Medo do escuro


Não me recordo de ter tido medo do escuro, desde muito cedo preferi adormecer sozinha na escuridão do meu próprio quarto. A memória desta nítida sensação remete à casa onde vivi até aos 6 anos de idade e à segurança da minha cama no meu quarto de então, paredes-meias, de madeira, com o quarto dos meus pais e a varanda (ou talvez fosse uma janela para a rua). Acho que o Modigliani teve algo a ver com isso. Um dia acordei de um pesadelo aos gritos na cama dos meus pais, que, para além de uma colcha vermelha e prateada às riscas, muito bonita, iluminada pelas luzes baixas das mesas de cabeceira, tinha vista para a gravura de uma mulher sinistra de cara afilada. Aquele rosto perseguiu-me grande parte da vida inconsciente sem que soubesse porquê, até que, depois de um sonho mais presente, daqueles que sabemos verbalizar quando acordamos, me lembrei do quadro de tons azuis e pretos atrás da porta entre os dois quartos. E perguntei à minha mãe se ela sabia de quem se tratava. Ela riu-se e disse que era uma mulher do Modigliani.

Foi em Junho de 2013 que sonhei de novo com a mulher do Modigliani. A tristeza incontornável em que me havia deixado a ressaca da exaustão dos movimentos sociais dos anos anteriores tinha-me atirado para uma crise existencial, que acabou por definir as decisões fundadoras dos anos seguintes e pela qual ainda estou grata (assim como pelo sistema de saúde mental na Alemanha). Os sonhos mais relevantes são, para mim,  repletos de aventuras e mudanças de género: o terror caminha lado a lado com o drama ou a comédia, se de repente estou num pesadelo, posso encontrar-me numa estimulante fantasia erótica  no momento seguinte.

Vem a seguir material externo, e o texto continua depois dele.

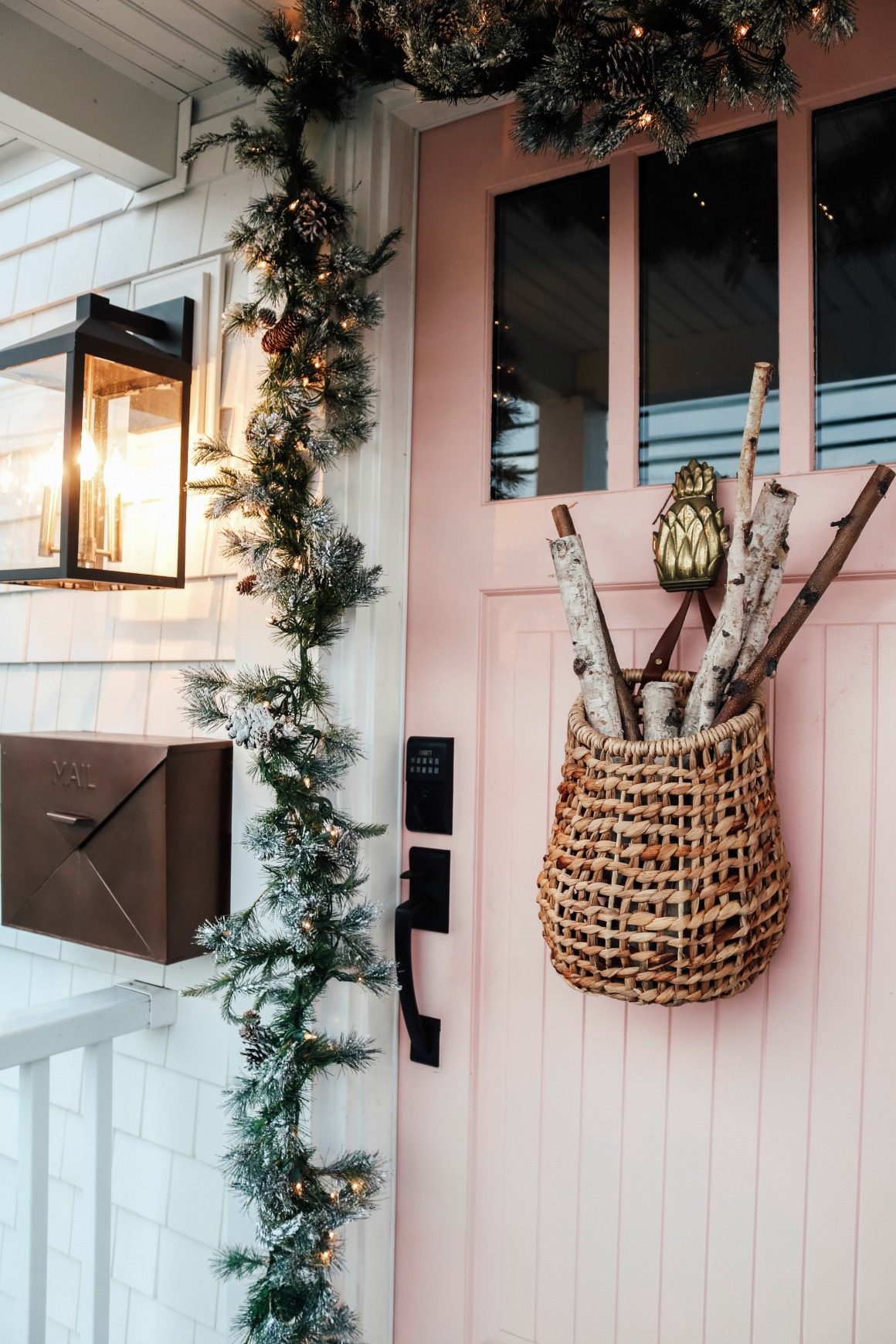 Modern Farmhouse Porch with Pink Door and Garland — Christmas House Exterior Decor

A mulher do Modigliani manifestou-se-me no que mais se parece a um devaneio filosófico de autor a meio de um thriller psicológico... 

Tínhamos ido a um centro comercial, eu e o meu companheiro, para tratar de um qualquer assunto burocrático que me dizia respeito. No topo de umas escadas rolantes num segundo ou terceiro andar, somos, repentina e brutalmente, cercados por seguranças e polícias que me atiram ao chão, retiram os documentos e acusam de um delito grave, que nós sabemos ser mentira: de ter tentado cometer suicídio. Eu nego, ele nega, não nos permitem qualquer defesa. Não entro em pânico, há uma sensação de inevitabilidade. Nós já sabíamos que isto um dia podia acontecer. Está lá uma mulher anódina de fato, que me olha do alto do seu silêncio, acho que é dos serviços secretos, e parece dizer isso mesmo, que isto já era esperado. Vou participar num documentário sobre a acusação de tentativa de suicídio. Penso nisto depois, enquanto caminho sozinha ao longo do canal. Vejo-me de frente, sentada na borda de um velho barco de madeira, com longos cabelos pretos escorridos, pés na água e olhos opacos postos nela. A água é negra e assustadoramente parada, é um lago rodeado de sombras em volta. Sou eu a mulher do Modigliani. Depois bato à porta de um antigo camarada do Echte Demokratie Jetzt, por quem não nutria especial simpatia, pelo contrário. Era um quarto num corredor de hotel de beira de estrada, como num filme americano. Ele abre a porta e não é bem ele: está completamente nu e tem calçadas botas pretas da tropa, os cabelos muito compridos. O quarto está repleto de perucas de várias cores, é um bastidor de cinema. Eu entro e digo: "It's a shame we can't fuck" (na altura não falava muito alemão).  E ele pergunta  porque não, circunstancialmente, sem urgência ou especial curiosidade. A resposta ainda me ocupa de tempos a tempos.